Я сам не филолог, поэтому такой вопрос: "межбуддийский форум" - это с т.з. русского языка приемлемо? "Меж" - это вроде как между кем то и кем то. А если все это в рамках одного буддизма, но разных традиций внутри него - тогда может правильней "*внутрибуддийский*" форум? Кто знает?

----------


## Спокойный

Межбуддистский?

----------


## Сигизмунд

Общетрадиционный форум?
Межтрадиционный форум?
Форум единения и развития буддизма  :Smilie:

----------


## Шаман

Обсуждения в рамках ментального конструкта "буддизм вообще"

----------


## До

> Я сам не филолог, поэтому такой вопрос: "межбуддийский форум" - это с т.з. русского языка приемлемо? "Меж" - это вроде как между кем то и кем то.

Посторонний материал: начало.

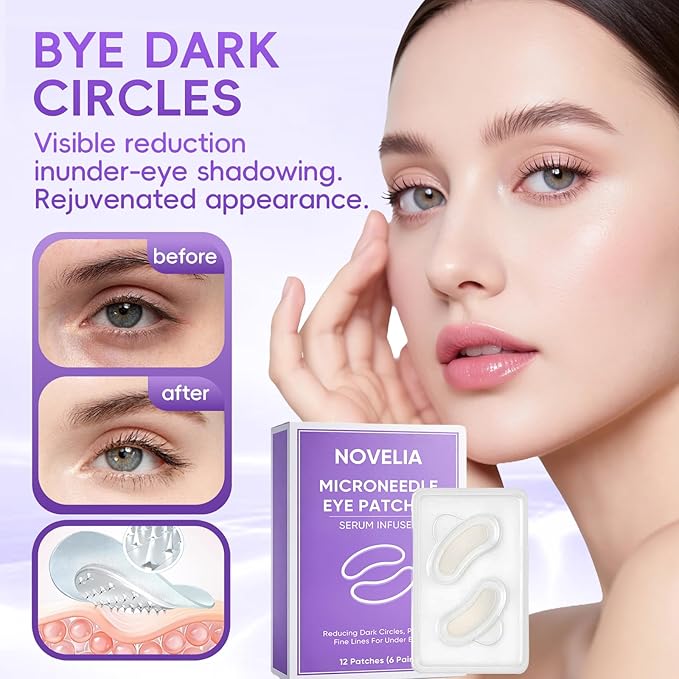 NOVELIA Micro Eye Patches with Hyaluronic Acid & Vitamin C, Hydrating Eye Masks for Dark Circles & Puffiness, Smoothing & Firming Under Eye Care, Individually Packed, 12 Patches (6 Pairs)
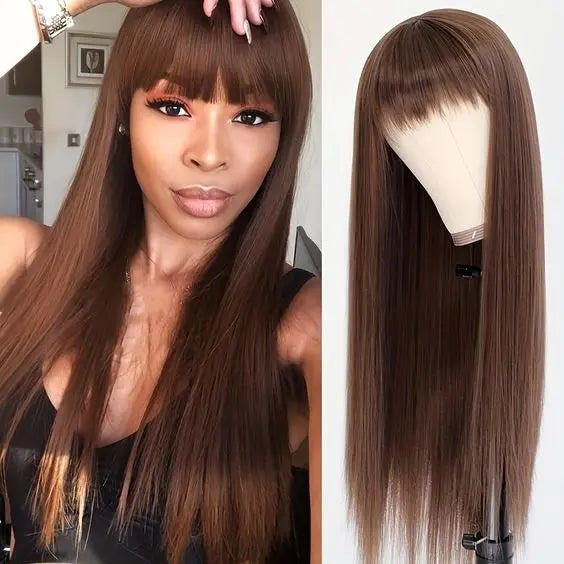 Burgundy Red & Black Bone Straight Wig with Bangs | Full Machine Made Human Hair (18-24") Luxegan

А если все это в рамках одного буддизма, но разных традиций внутри него - тогда может правильней "*внутрибуддийский*" форум? Кто знает?


*Межтрадиционный* тогда-уж. Весь форум вообще - _внутрибуддийский_, так как он только буддийский, а не буддийско-христианский.

----------


## Yeshe

а меня больше интересует вопрос - а чем он вообще отличается от общего форума? почему не влить межбуддийский в общий?

----------


## До

> а меня больше интересует вопрос - а чем он вообще отличается от общего форума? почему не влить межбуддийский в общий?


http://buddhist.ru/board/rules.htm

----------


## ullu

Предлегаю синенькие полосочки заменить на синенькие с зелененьким отливом.

----------


## Jambal Dorje

словосочетание межбуддийский уже устоялось, к нему все привыкли и оно не более неправильное чем "идет дождь". В Москве в начале перестройки начали менять старые названия улиц на исконно-посконные. Улица Пушкина стала Дмитровской. Зачем? Когда нечего делать начинают менять этикетки.

----------